Ao aprofundar no histórico das 919 matrículas que não fizeram uso da assistência estudantil, observou-se, por meio da consulta dos inscritos nos editais, que 43,4% solicitaram algum tipo de bolsa ao longo do período de 2014 e 2019, porém não foram contemplados (Tabela 2).
Solicitou bolsas | Frequência | % |
NÃO | 520 | 56,50% |
SIM | 399 | 43,40% |
Total | 919 | 100,00% |
Fonte: elaborada pelos autores, 2021.
Os dados da pesquisa não permitem compreender se os candidatos não atenderam aos critérios dos editais, foram desclassificados por ausência de documentos e/ou equívocos na sua apresentação, ou ainda, se atenderam às exigências, mas no ranqueamento obtiveram menores pontuações em relação aos demais. O que fica evidente é que a concorrência pela assistência estudantil tem sido maior do que o número de bolsas ofertadas, o que aponta para a não cobertura da assistência em relação àqueles, que em tese, alegaram algum de necessidade de assistência estudantil.
Em consonância, os dados da Andifes (2019) indicam que 66,19% dos estudantes matriculados nas instituições federais de ensino se enquadram no público-alvo de programas de assistência estudantil, por pertencerem a famílias cuja renda é de até 1,5 salário-mínimo per capta. Ainda que não se tenha elementos para inferir que o Campus de Janaúba siga as tendências nacionais, merece destacar as críticas ao PNAES por Vieira (2015) e Gazotto (2014) de que o aumento orçamento com a criação do programa, até o momento, não acompanha a elevação das demandas. Isso indica que, se o orçamento não se elevar (e o que se tem observado nos últimos cinco anos é o contrário), o programa pode se limitar a ações focalistas, seletistas e fragmentadas, não atendendo a todos que dela necessitam.
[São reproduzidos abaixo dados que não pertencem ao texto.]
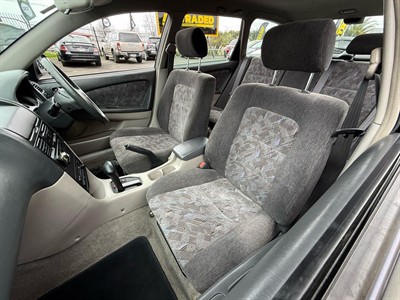 1999 Toyota Caldina - Thumbnail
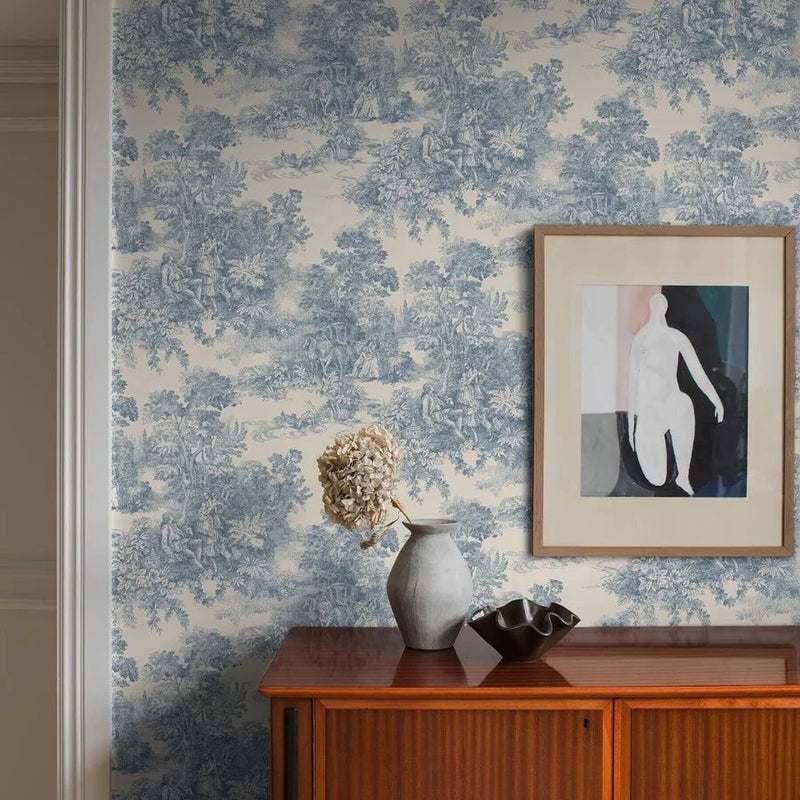 Toile de Jouy Blue – by Boråstapeter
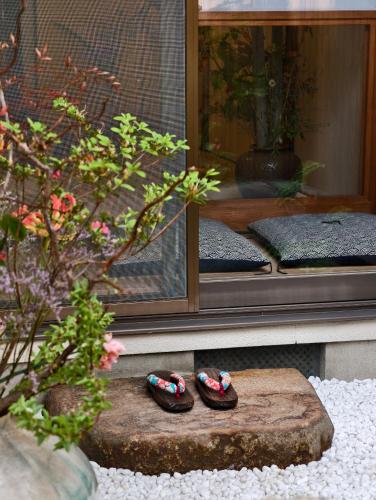 Nijo Castle Kyoto Machiya with Garden and Floor Heating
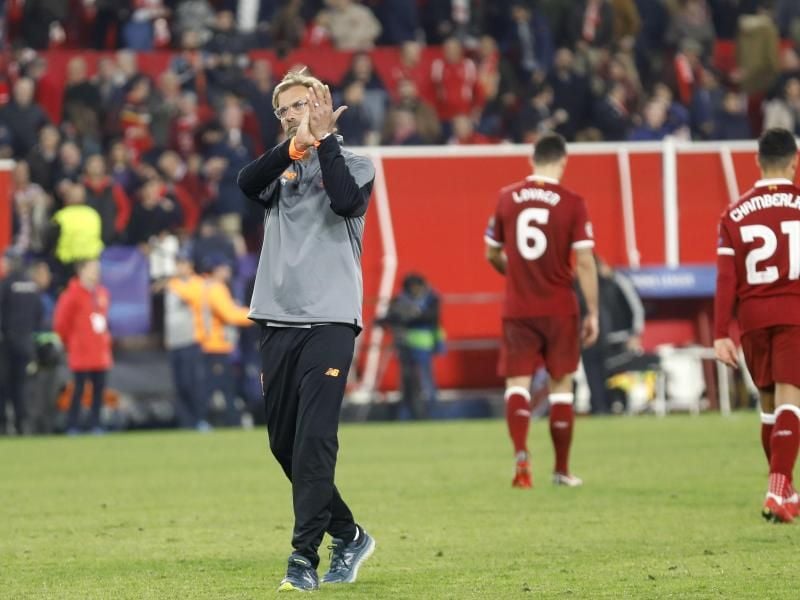 Liverpools Trainer Jürgen Klopp applaudiert in Sevilla nach Spielende den Fans. Einigen der mitgereisten Anhänger sollen nicht ins Stadion gelassen worden sein. Foto: Miguel Morenatti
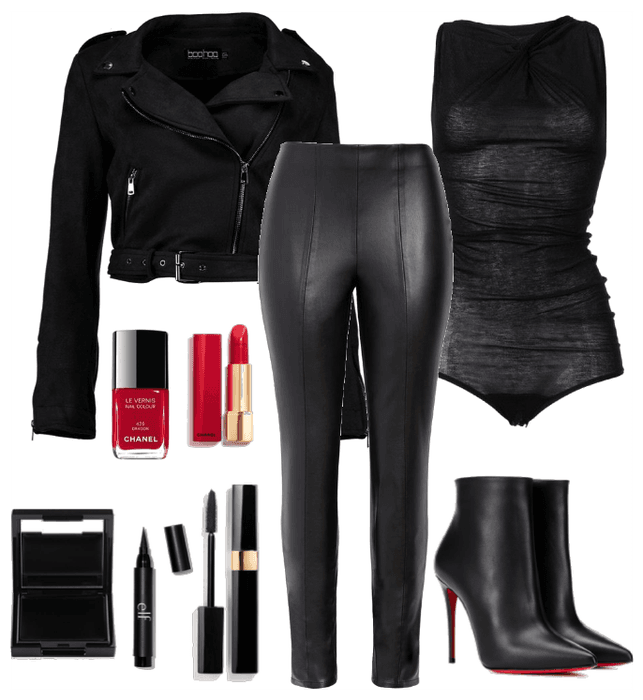 Julia in Black Leather
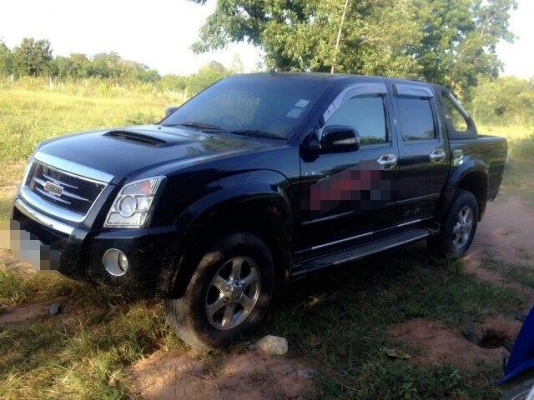 Isuzu ดีแมก 4 ประตู เครื่องสวยราคาเป็นกันเอง Isuzu ดีแมก 4 ประตู เครื่องสวยราคาเป็นกันเอง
Apesar de suas limitações estruturais, para compreender melhor os impactos dos recursos destinados e/ou não atendidos para a permanência e desempenho dos estudantes da UFVJM-Campus Janaúba, as seções a seguir, irão analisar os desempenhos acadêmicos, taxas de diplomação e evasão entre os grupos contemplados e não concorrentes do PNAES.
Indicadores de rendimento acadêmico entre bolsistas e não beneficiados
O coeficiente de rendimento acadêmico da UFVJM é um índice usado para medir o desempenho dos discentes em cada período letivo. Disponível no sistema de gerenciamento acadêmico, ele é calculado pela média ponderada dos pontos obtidos no período letivo, expresso na seguinte fórmula:
CRA = Σ (RF x CR)
Σ CR
Em que:
CRA = Coeficiente de Rendimento Acadêmico
RF = Resultado Final na Disciplina
CR = Número de créditos da disciplina.
A partir de uma análise estatística descritiva com base no CRA gerado pelo sistema da UFVJM e no cálculo do desvio padrão, os resultados da pesquisa indicam que a média das notas entre as matrículas que receberam o auxílio obtiveram um desempenho significativamente superior (52,0) aos que não receberam nenhum dos benefícios, ao longo do período (37,9 entre os não concorrentes e 44,8 entre os não beneficiados) (Tabela 3).
Histórico da matriculada | Média | Frequência | Desvio padrão |
Beneficiados | 52,0 | 276 | 17,9 |
Não concorrentes | 37,9 | 520 | 24,9 |
Concorrentes não beneficiados | 44,8 | 399 | 23,5 |
Fonte: elaborado pelos autores, 2021.
Os números apontam também que além do desempenho médio mais elevado, os bolsistas apresentaram menor desvio padrão (17,9) em comparação com aos não concorrentes (24,9) e concorrentes não beneficiários (23,5). Assim, indicando notas mais homogêneas entre os beneficiários.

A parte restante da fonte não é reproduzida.